Error when i put trendline in scatter plot in plotly

Hi, im working on Diamonds database, so im trying to create a trendline using scatter plot

So this code is working absolutely fine
fig = px.scatter(df,x=‘carat’,y=‘price’,color = ‘cut’)

When i put trendline
fig = px.scatter(df,x=‘carat’,y=‘price’,color = ‘cut’, trendline=‘ols’)

Can anybody help me. I will be really thankful

Hi @sobia

Welcome to the community!

It seems that using the Trend line in Plotly requires that the ‘statsmodels’ package be installed to work.

Simply download the package to your current environment using pip install statsmodels or conda install anaconda::statsmodels if you’re using Anaconda and rerun your code.

2 Likes

Code is working absalutle fine. What is the reason to install this library pip install statsmodels

when you use the ‘trendline’ argument in px.scatter(), Plotly will use this library in the background to compute the trend line, hence it must be available within your environment in order for Plotly to make a call to the library.

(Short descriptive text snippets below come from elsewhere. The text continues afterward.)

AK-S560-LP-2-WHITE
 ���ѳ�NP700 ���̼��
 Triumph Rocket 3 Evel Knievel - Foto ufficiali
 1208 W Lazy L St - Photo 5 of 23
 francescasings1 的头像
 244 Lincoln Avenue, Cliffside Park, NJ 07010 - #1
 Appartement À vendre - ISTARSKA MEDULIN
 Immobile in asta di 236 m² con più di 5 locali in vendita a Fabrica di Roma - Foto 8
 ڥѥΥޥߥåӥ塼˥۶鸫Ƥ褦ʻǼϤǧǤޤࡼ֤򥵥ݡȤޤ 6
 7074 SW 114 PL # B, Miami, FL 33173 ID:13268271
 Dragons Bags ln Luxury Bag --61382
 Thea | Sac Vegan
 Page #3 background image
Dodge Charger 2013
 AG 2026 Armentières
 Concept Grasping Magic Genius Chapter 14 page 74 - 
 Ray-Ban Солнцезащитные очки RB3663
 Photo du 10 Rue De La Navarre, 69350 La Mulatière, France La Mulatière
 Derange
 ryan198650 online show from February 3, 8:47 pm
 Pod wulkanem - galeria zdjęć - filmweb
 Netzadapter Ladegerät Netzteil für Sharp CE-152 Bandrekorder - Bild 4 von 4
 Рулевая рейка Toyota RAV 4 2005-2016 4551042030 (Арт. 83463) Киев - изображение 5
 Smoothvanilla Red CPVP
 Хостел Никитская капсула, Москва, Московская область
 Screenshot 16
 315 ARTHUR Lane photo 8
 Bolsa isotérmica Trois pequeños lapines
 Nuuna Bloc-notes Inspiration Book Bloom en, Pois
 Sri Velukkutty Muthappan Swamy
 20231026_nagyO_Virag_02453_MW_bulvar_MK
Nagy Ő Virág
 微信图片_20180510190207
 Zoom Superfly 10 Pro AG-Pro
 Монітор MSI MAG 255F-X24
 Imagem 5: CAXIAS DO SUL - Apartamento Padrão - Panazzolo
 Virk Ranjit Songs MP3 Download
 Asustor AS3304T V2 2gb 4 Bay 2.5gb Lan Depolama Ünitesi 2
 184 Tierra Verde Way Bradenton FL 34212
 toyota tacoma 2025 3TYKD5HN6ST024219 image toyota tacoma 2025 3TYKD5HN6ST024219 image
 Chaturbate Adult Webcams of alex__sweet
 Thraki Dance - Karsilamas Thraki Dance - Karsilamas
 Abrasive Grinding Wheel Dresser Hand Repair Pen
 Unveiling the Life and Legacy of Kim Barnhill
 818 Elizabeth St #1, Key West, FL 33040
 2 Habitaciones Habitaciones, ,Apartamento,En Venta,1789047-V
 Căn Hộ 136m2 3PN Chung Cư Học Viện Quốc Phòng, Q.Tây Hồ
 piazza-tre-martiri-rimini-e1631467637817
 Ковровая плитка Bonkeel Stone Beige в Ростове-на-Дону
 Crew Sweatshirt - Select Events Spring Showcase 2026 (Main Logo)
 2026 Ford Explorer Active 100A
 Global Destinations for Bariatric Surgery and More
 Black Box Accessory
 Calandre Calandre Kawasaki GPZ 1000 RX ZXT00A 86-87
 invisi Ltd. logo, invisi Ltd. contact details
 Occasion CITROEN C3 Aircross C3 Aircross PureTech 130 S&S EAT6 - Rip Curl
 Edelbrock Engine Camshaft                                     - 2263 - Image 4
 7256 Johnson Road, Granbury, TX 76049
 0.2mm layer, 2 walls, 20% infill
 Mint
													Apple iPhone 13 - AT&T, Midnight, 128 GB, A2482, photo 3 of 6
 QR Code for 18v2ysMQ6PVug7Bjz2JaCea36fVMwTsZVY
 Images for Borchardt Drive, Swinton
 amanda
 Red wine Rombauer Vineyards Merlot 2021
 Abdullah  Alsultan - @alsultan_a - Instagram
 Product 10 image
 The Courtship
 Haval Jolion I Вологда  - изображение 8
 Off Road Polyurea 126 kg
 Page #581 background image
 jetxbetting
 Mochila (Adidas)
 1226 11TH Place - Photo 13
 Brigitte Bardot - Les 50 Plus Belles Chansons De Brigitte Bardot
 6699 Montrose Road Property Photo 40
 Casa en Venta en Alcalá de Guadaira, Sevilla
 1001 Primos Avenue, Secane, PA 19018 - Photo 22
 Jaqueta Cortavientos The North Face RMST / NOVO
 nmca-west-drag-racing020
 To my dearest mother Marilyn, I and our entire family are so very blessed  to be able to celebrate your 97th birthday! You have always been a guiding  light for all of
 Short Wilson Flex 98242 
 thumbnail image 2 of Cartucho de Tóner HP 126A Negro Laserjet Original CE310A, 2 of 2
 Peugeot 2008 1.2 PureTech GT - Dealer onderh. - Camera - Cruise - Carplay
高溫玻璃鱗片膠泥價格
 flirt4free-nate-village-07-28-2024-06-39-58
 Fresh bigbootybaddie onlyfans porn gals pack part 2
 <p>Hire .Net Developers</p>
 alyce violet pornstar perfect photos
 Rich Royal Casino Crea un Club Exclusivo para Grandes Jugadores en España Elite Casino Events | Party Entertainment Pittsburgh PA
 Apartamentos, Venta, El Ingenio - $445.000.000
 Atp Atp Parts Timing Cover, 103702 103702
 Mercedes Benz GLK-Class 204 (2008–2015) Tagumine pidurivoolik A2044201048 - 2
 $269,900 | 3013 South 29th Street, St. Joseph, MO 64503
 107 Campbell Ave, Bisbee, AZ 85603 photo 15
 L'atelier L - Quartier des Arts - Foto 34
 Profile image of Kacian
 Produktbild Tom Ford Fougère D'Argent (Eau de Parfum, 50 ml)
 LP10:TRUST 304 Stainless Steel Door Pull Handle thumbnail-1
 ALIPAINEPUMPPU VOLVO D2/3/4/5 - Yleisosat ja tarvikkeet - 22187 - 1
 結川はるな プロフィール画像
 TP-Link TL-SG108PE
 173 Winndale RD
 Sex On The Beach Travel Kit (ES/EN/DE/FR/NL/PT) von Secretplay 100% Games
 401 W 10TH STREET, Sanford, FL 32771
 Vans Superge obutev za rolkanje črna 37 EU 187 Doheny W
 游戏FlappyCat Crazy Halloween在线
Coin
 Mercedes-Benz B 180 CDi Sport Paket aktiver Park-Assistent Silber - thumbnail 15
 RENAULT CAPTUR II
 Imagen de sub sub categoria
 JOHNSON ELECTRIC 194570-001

This is the approach I use for trendlines or best fit:

  1. Calculate y-intercept and slope using scipy.stats.lingress
  2. get the minimum and maximum x-coordinate values from your data
  3. calculate the y-values associated with min and max x
  4. do a 2-point scatter plot with mode = ‘lines’, to connect [xmin, (slopexmin)+y-intercept] and [xmax, (slopexmax)+y-intercept]
    This approach is very simple, hope it helps you.